Am Tag der Befreiung wird jedes Jahr an die Opfer des Holocaust erinnert. Nach einer Erhebung der Jewish Claims Conference, die Entschädigungsansprüche von Überlebenden vertritt, sind nicht mehr viele übrig, die selbst von dem Leid berichten können, das die Nationalso­zialisten ihnen zugefügt haben. 245.000 Schoaüberlebende gibt es demnach noch auf der Welt; fast die Hälfte von ihnen lebt in Israel. Die meisten waren am Ende des Zweiten Weltkriegs noch Kinder, so wie Eva Szepesi.

Lange hat sie geschwiegen, mehr als 50 Jahre sprach sie nicht über das Erlebte. Jetzt sagt sie: „Es ist meine Lebensaufgabe, für alle zu sprechen, die es nicht mehr können.“ In diesem Jahr, nach dem Massaker der Hamas in Israel und dem sprunghaften Anstieg antisemitischer Taten und verbaler Angriffe auch in Deutschland, sei es wichtiger denn je. „Ich weiß, dass ich das Trauma an meine Töchter, Enkelkinder und Urenkel weitergegeben habe“, sagt Szepesi, deren Enkel ihre Rede simultan ins Englische für das internationale Publikum überträgt. „Aber dass sie selbst einmal existenzielle Angst erleben müssen, tut mir weh.“

Am Donnerstagabend, zwei Tage vor dem Jahrestag der Befreiung von Auschwitz, hat Szepesi ihre Geschichte auf der Gedenkveranstaltung der EZB erzählt. Es ist ein bewegendes Zeitzeugnis, und Lagarde sagt nach der Holocaustüberlebenden: „Es ist schwer, nach Ihnen zu sprechen.“ Schon in ihrer Begrüßung hatte die EZB-Präsidentin gezeigt, dass ihr das Thema wichtig ist: Deutschland stehe heute für Respekt und Toleranz. Doch das sei keine Selbstverständlichkeit. Diese Werte müssten verteidigt werden, auch durch Erinnerungsveranstaltungen wie die im Keller der EZB.

Mike Josef hebt in seiner Ansprache die europäische Dimension der Verbrechen der Nationalsozialisten hervor. Die hätten nicht im Dunkel der Nacht stattfanden, sondern für alle sichtbar – auch für die Besucher der Großmarkthalle. Mirjam Wenzel, deren Team des Jüdischen Museums im vergangenen Jahr 1400 Besucher in den Keller geführt hat, mahnt, der Ort solle ei­ne Warnung sein, dass die Gräuel, die dort geschahen, sich nicht wiederholten.
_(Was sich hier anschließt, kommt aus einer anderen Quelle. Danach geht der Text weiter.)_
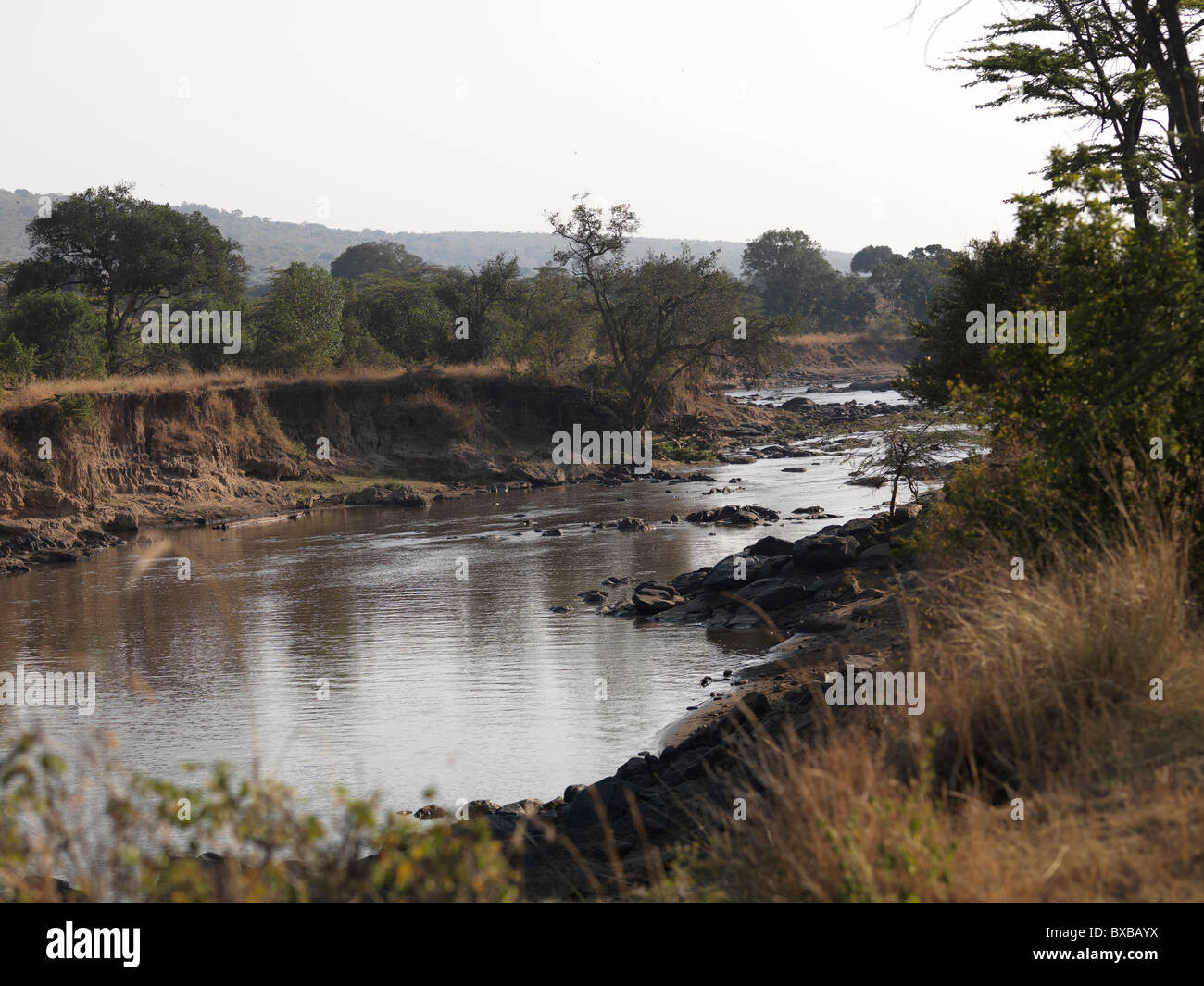 Pond in Kenya Africa Stock Photo, Royalty Free Image 33441518 Alamy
Doch immer wieder würden Häuser von Juden markiert, und auch am öffentlichen Teil der Gedenkstätte an der Großmarkthalle müssten regelmäßig Schmierereien entfernt werden. Solche Vorfälle sind es, die die „existenzielle Angst“ schüren, von der Eva Szepesi spricht, und die sie inzwischen zweifeln lassen, ob Juden heute in Deutschland sicher sind.